As recently as a couple of months ago, a network no less than Fox television network premiered a drama which featured an upper middle class Muslim family

“operating as a sleeper terrorist cell” The drama goes on to show how the Muslim mother “poisons her son’s non –Muslim girl friend because it was feared the girl could jeopardize the terrorists’ plan”. (Reuters/yahoo news 2005) . With this ugly stereotyping going on in a biased media, America is trying to improve her image by starting satellite television and a radio station targeting the Arab world;

a seemingly useless attempt as shown earlier.
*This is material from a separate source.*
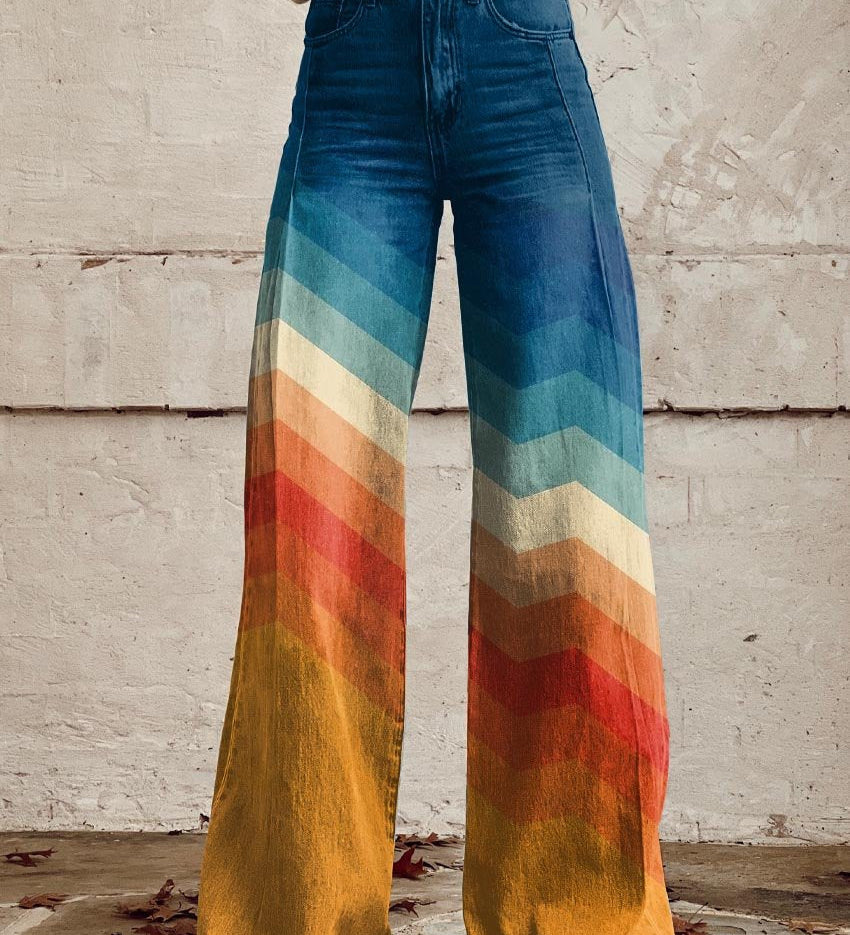 Léa™ | Stylish Retro Zigzag Trousers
Another relevant issue to end this paper with, is that when the impact of a dominant culture on another dominated culture is treated, an important matter of prime importance is the “willingness” and ‘readiness” on the part of the conquered to accept other values implied, bargained, taught, or imposed through American institutions. The issue here is an issue of “readiness” on the part of so many target cultures to accept the “new” values or to reject them. The degree to which the acceptability of new cultural values depends on a number of factors chief among which is how well established is the target culture, and how attached is this culture to specified sets of values. Let’s take the specific example of Singapore a country which is widely discussed and given as an example of the spread of English. It can be claimed here that that it is much easier to “market”
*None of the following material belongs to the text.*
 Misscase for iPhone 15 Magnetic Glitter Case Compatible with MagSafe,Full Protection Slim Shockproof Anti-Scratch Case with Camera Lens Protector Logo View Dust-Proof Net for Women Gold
the universal values claimed by the producers of Sesame Street, for example, than to market these values in the Arab Muslim context. It is much easier for a country like Singapore to be receptive to the values of the English speaking culture, and to emulate the Western institutions than countries in the Arab world. The reason is that the attachment of the population of Singapore to their culture is much less in scale and intensity than the attachment of Arabs/Muslims to their culture. This widely quoted excerpt by Rustam Sani (1990 and Cheng Shoon Tat 1991 – Both in Pennycook (1994) about the Singapore situation is revealing. Rustam Sani asserts that

The choice of language is certainly consistent with its own notion of a national past that does not go beyond the immediate colonial history and a vision of a cultural future that does not go beyond an ambience quite similar to a Hilton Hotel lobby anywhere in the world.
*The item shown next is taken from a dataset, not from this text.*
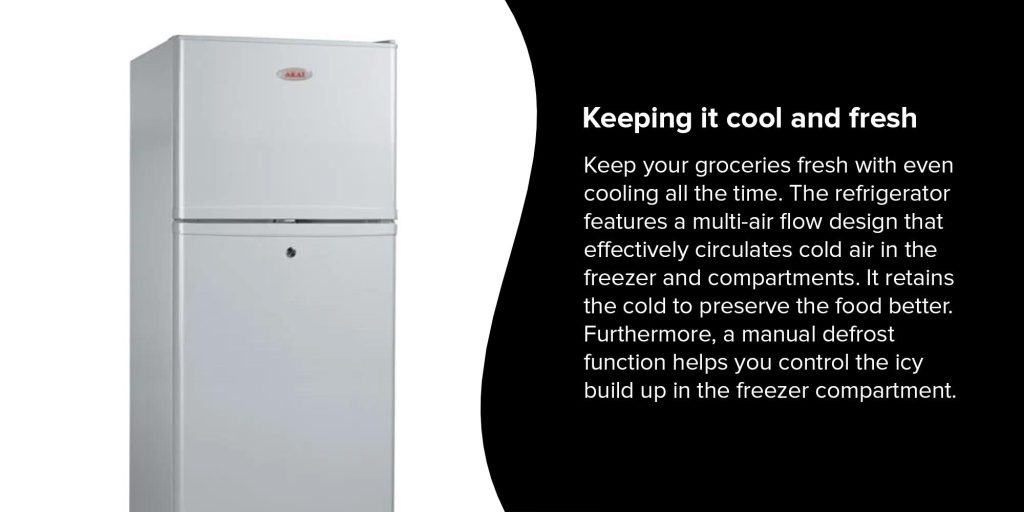 AKAI RFMA178HS Double Door Refrigerator 170 Ltr PLUGnPOINT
While Cheng Shoong Tat maintains that Presumably, the output of such a melting pot will be ethnically neutral, speaking only the common language of English, celebrating the international festival of Christmas, watching the Cosby show and embracing the ‘global pop culture’

The Arab World, the Arab Muslim culture is so deeply rooted. The “national past” goes back to over a thousand four hundred years and the vision of a cultural future of the religion, the culture and even the geography literally has no limit.. The Arabs and Muslims strongly believe that they have a “MISSION”

to humanity which is a mission of enlightenment. It is a big mistake on the part of the Western World to overlook the depth of the Arab culture as prescribed by Islam. Occupation, dominance and imperialism are staunchly rejected, and they are further rejected when they are coated with such follies as democracy and freedom as they are marketed by the superpower of today.